Practice

Look, it doesn’t matter, and I like it that way. You try something. You fail. You try again. At my age, they’re not handing out a lot of trophies, and even if they were, where am I going to put a bunch of gold plasticated athletes on fake marble plinths? On the shelf next to all my not-Pulitzers?

Yesterday I rode with some friends at our local spot. It’s a four-and-a-half-mile strip of dirt that worms its way between wetlands and apartment complexes, crosses half-a-dozen roads, and in my mind is one of the world’s great trails despite its humble setting. At one of those road crossings, there is a set of three wooden stairs that lead to the top of a wide stone wall, with three wooden steps down the other side. I’ve looked at those stairs for years without riding them, without even trying to.

On Sunday, finally, I did it.

Now I could explain that the steps are somewhat tall and far apart, steep too, that the exit is into a snarl of roots, but now, having ridden up and over, I can tell you it’s not really hard at all.
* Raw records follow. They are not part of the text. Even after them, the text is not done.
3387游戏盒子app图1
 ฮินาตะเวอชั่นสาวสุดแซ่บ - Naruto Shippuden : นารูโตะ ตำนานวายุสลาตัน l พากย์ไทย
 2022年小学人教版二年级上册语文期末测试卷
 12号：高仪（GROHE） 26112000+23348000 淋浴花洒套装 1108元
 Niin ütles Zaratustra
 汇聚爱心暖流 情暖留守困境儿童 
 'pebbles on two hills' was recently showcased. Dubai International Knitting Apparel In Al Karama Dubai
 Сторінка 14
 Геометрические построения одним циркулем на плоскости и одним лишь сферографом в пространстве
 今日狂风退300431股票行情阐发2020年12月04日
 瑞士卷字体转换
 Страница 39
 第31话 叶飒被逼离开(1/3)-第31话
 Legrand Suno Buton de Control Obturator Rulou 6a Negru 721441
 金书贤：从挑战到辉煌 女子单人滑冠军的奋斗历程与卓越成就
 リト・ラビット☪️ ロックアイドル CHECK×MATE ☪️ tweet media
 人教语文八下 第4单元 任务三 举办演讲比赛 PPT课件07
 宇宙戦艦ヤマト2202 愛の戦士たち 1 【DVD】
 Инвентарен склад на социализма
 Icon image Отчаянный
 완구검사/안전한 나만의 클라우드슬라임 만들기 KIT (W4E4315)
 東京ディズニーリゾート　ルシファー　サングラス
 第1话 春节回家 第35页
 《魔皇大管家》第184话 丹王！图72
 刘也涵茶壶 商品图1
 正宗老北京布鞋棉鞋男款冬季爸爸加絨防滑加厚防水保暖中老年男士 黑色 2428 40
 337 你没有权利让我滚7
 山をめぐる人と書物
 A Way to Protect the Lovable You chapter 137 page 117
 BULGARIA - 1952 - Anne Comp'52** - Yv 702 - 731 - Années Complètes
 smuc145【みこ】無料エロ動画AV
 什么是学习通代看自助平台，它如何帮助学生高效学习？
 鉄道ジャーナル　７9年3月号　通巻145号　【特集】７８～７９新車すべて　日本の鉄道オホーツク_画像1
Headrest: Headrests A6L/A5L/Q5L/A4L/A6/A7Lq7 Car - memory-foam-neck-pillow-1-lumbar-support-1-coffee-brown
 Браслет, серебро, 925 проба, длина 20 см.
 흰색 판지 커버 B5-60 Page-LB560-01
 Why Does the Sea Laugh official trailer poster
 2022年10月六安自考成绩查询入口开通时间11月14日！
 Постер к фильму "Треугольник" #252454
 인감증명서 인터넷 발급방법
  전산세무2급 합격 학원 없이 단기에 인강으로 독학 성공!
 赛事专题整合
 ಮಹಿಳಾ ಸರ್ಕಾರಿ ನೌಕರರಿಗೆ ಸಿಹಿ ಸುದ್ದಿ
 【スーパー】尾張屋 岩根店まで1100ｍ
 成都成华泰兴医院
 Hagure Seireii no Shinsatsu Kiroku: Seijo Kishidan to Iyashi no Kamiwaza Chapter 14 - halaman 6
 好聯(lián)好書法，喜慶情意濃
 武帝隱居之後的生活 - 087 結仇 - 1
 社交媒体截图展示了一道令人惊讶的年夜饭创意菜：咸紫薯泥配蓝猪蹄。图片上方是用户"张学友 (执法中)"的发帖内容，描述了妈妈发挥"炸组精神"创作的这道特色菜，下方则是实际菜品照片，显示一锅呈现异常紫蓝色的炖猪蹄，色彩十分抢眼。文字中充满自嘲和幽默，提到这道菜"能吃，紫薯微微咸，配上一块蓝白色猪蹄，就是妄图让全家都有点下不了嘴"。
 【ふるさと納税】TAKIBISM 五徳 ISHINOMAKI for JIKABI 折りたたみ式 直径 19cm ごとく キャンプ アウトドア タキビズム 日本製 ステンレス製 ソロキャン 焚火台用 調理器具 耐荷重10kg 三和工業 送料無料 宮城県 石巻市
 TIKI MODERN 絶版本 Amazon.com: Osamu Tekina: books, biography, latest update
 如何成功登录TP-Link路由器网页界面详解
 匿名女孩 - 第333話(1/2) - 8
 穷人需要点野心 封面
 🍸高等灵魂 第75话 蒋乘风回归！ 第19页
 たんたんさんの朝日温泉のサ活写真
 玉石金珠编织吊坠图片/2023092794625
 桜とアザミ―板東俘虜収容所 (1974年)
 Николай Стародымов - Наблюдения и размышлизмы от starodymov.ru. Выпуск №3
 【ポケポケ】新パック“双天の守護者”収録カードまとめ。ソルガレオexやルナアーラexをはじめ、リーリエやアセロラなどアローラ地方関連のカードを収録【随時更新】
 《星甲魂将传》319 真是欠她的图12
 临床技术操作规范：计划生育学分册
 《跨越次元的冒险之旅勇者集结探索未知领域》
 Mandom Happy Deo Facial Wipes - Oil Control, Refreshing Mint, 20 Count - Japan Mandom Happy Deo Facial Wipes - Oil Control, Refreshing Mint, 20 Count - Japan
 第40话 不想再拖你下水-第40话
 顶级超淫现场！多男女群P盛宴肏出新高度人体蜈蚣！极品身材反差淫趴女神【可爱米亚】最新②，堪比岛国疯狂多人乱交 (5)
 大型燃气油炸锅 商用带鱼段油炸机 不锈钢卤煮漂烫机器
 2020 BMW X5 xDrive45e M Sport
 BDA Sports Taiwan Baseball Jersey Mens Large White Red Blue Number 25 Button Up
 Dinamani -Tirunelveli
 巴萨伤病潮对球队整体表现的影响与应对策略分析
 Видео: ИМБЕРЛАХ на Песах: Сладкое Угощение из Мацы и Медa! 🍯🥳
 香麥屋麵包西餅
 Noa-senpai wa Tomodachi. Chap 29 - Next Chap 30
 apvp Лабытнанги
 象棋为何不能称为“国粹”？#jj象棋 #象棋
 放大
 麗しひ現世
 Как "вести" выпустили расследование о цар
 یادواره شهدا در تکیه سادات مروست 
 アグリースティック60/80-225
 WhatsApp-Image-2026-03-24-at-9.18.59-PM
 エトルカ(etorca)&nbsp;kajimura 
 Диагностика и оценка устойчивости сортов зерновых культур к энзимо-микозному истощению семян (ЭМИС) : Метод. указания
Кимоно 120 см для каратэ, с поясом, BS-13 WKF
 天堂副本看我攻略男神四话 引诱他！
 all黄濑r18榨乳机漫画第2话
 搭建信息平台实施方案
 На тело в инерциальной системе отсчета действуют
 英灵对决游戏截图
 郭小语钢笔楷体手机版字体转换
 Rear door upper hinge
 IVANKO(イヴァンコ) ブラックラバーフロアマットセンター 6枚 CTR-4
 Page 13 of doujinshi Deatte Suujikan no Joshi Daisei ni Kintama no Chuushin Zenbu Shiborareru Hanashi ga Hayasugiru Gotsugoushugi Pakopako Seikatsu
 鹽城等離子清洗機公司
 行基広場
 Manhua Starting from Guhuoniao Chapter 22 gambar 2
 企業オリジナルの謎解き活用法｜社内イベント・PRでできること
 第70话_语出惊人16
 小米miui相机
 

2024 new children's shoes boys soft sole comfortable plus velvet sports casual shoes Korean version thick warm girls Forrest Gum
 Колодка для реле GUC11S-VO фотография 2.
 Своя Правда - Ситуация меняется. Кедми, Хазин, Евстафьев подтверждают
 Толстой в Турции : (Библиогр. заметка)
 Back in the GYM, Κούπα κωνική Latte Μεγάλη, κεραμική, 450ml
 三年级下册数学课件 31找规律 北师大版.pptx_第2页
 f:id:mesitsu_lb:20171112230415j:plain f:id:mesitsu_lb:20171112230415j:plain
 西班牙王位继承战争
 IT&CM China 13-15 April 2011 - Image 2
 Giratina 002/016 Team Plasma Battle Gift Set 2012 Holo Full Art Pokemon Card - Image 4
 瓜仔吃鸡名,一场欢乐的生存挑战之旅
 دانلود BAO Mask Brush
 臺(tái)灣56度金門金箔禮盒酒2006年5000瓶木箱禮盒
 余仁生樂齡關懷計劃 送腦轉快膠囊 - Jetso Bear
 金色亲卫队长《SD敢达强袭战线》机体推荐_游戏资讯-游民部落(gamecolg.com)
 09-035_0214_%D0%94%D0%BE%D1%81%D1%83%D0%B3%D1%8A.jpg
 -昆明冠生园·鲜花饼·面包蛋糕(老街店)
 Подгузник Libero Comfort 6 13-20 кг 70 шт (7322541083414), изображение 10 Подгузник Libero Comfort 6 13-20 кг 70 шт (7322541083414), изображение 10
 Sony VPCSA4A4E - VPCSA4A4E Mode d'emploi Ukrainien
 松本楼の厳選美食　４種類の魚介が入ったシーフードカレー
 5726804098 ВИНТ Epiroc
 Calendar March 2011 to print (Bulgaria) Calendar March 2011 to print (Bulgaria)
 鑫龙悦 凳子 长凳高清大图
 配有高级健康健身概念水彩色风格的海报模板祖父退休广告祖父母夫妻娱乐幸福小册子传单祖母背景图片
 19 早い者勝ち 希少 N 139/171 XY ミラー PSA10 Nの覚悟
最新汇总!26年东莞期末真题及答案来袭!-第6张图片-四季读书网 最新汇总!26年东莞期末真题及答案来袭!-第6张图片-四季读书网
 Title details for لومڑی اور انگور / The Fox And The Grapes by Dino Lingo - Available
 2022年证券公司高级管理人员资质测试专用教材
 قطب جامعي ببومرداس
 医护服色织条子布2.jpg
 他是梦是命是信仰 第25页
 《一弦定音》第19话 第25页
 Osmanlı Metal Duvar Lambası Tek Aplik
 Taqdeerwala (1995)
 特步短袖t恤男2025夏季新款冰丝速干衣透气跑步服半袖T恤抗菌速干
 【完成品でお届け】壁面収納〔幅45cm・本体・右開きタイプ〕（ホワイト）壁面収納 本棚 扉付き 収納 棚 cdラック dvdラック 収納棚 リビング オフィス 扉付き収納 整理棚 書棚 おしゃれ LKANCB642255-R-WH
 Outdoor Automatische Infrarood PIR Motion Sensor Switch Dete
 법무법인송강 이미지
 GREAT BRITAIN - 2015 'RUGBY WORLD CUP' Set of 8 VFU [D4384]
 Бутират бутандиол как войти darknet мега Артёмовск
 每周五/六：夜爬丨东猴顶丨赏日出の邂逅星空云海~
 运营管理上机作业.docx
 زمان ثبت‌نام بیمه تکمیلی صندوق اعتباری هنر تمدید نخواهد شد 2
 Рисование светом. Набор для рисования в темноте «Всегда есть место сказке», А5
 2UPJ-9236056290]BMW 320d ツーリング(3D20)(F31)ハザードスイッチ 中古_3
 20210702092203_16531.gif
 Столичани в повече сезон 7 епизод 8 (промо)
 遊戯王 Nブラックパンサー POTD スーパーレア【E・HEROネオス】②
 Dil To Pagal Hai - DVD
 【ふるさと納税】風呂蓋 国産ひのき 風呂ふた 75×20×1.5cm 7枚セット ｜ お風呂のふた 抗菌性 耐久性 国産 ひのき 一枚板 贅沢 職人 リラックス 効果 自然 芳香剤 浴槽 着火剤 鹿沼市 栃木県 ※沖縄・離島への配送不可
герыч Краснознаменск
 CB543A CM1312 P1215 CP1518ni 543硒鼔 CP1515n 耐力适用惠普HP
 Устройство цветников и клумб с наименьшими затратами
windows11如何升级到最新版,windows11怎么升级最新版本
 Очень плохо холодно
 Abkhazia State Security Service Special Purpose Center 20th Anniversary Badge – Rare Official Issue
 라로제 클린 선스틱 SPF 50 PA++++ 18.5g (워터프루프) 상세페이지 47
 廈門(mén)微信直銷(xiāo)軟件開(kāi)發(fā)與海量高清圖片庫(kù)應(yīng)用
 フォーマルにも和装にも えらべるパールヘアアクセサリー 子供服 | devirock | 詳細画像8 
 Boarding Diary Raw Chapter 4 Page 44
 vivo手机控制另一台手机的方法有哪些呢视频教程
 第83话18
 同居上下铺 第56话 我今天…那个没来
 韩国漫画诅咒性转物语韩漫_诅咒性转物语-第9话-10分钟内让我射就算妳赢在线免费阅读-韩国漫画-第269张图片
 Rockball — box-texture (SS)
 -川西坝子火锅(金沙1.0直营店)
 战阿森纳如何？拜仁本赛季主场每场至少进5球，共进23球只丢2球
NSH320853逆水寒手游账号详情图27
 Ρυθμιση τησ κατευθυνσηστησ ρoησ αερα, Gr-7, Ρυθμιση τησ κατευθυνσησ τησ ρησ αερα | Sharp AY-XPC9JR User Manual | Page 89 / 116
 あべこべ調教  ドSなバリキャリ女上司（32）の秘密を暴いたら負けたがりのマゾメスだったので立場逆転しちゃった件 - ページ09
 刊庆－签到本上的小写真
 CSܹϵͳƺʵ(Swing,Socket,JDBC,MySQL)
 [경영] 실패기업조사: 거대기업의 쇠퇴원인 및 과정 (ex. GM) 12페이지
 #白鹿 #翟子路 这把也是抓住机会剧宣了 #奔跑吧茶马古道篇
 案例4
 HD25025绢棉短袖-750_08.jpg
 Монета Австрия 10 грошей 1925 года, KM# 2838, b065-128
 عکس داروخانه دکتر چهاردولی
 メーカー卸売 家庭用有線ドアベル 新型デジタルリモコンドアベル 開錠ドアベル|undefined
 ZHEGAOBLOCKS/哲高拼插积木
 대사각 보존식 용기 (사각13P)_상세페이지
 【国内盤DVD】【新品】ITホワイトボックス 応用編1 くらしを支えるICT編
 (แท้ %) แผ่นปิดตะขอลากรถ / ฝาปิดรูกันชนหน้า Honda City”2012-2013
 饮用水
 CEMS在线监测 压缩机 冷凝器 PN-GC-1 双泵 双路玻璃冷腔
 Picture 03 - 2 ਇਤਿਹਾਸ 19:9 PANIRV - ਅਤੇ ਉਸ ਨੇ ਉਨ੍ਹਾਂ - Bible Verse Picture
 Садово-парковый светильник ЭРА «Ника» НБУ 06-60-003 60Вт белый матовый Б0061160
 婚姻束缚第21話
Pretty easy. A little speed, a little technique, a little timing, the bike does the rest.

These are the things you learn by practice.

Sports, in their traditional, organized form, are divided into practice and games. In this paradigm, practice is meant to prepare the athlete for the game, when the consequences of their actions have real import. Outside observers passionately observe games, while only the mildly psychotic want to watch practice. But, I always liked practice more than games. In fact, I seldom enjoyed the game. I played soccer. Ran cross-country. I liked doing those things. I didn’t need to compete at them. Or maybe it’s that goofy thing where I preferred to compete with myself, which sounds vaguely but appropriately masturbatory, I think.

I was trying to figure out why it took me so long to even try to ride those stairs, and what I came up with is that I’ve been stuck in the organized sports paradigm, that on game day you don’t try new things. How is a mountain bike ride with friends like game day? Simple. Egos are involved.

If I’m going to do more of the things I want to do on the bike, I need to commit to practice more and compete less, because honest-to-gosh it’s all practice. It’s only ever really been practice. Even the events I’ve done have just been glorified practice, with souvenir t-shirts or pint glasses, sometimes both.

What I always enjoyed about practice when I was a kid, was that you could try all your most audacious ideas there, and sometimes they’d come off and what a thrill that was. What a laugh you’d have with your friends about it. Or you failed, and it didn’t matter.